__To do__.
No picture belongs in the copy. Repeat each line below exactly.

__Given information__.
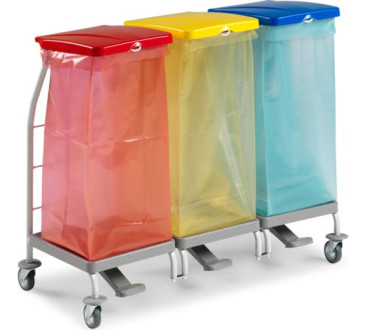 Тележка TTS DUST (для мусора, крышки, 3х70л)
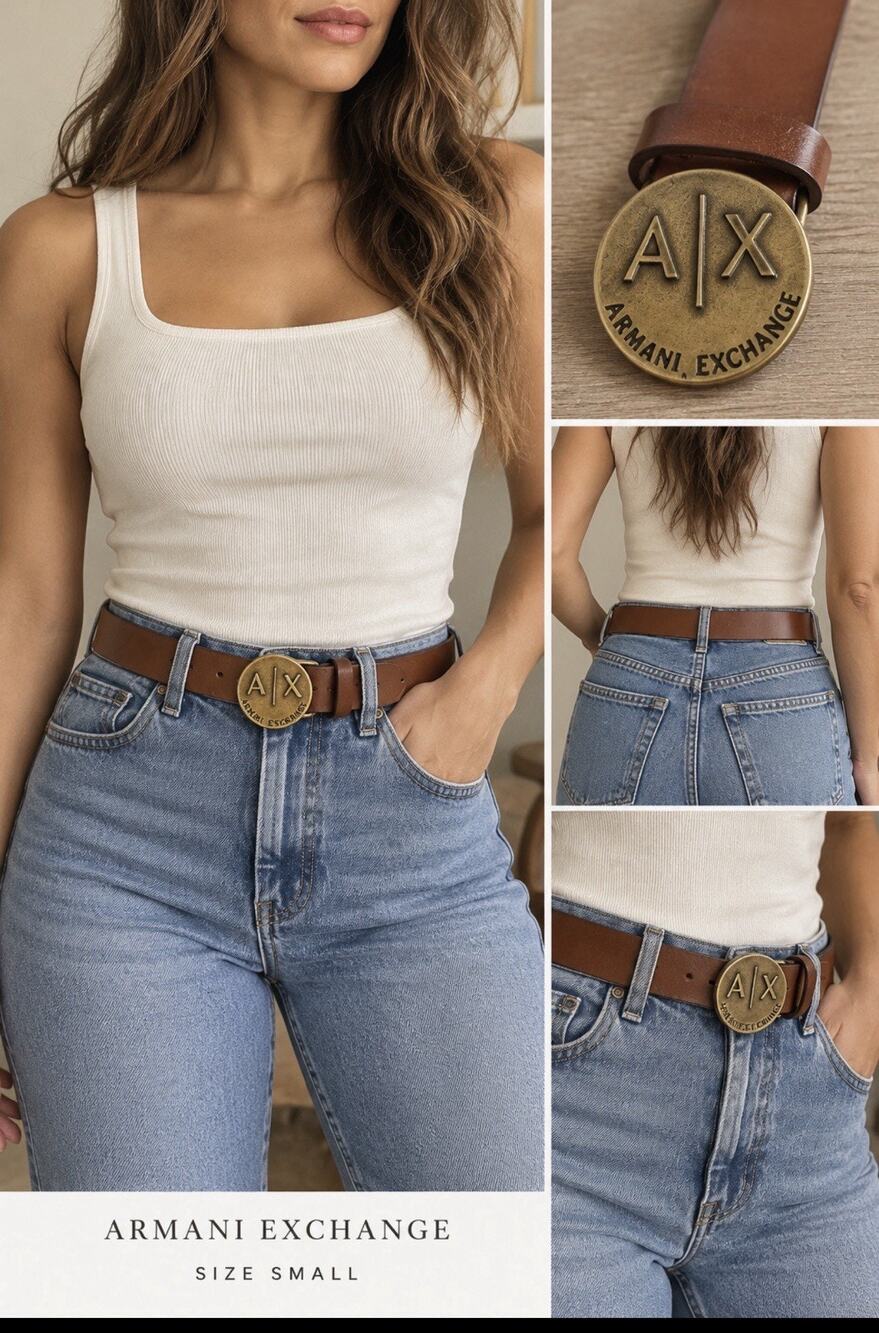 Armani Exchange Genuine Leather Belt Brown Round Buckle Women’s Small Western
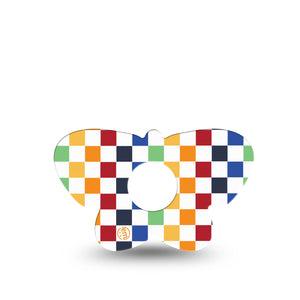 ExpressionMed Rainbow Checkerboard Freestyle Libre 3 and Libre 3 Plus Butterfly Shape Tape Single Tape Rainbow Checked, Overlay Patch CGM Design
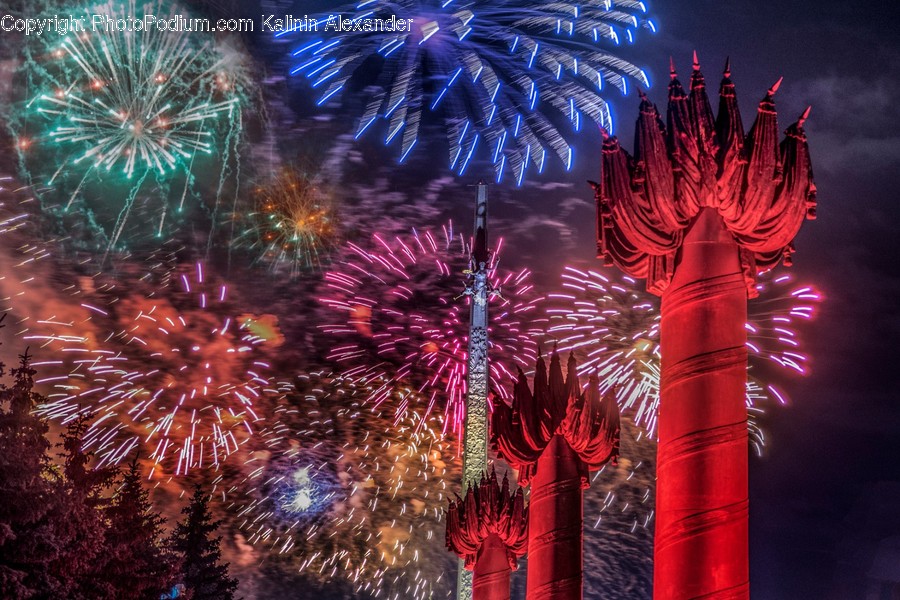 Nature, Outdoors, Night, Fireworks, Christmas Tree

__Task answer__.
 Тележка TTS DUST (для мусора, крышки, 3х70л)
 Armani Exchange Genuine Leather Belt Brown Round Buckle Women’s Small Western
 ExpressionMed Rainbow Checkerboard Freestyle Libre 3 and Libre 3 Plus Butterfly Shape Tape Single Tape Rainbow Checked, Overlay Patch CGM Design
 Nature, Outdoors, Night, Fireworks, Christmas Tree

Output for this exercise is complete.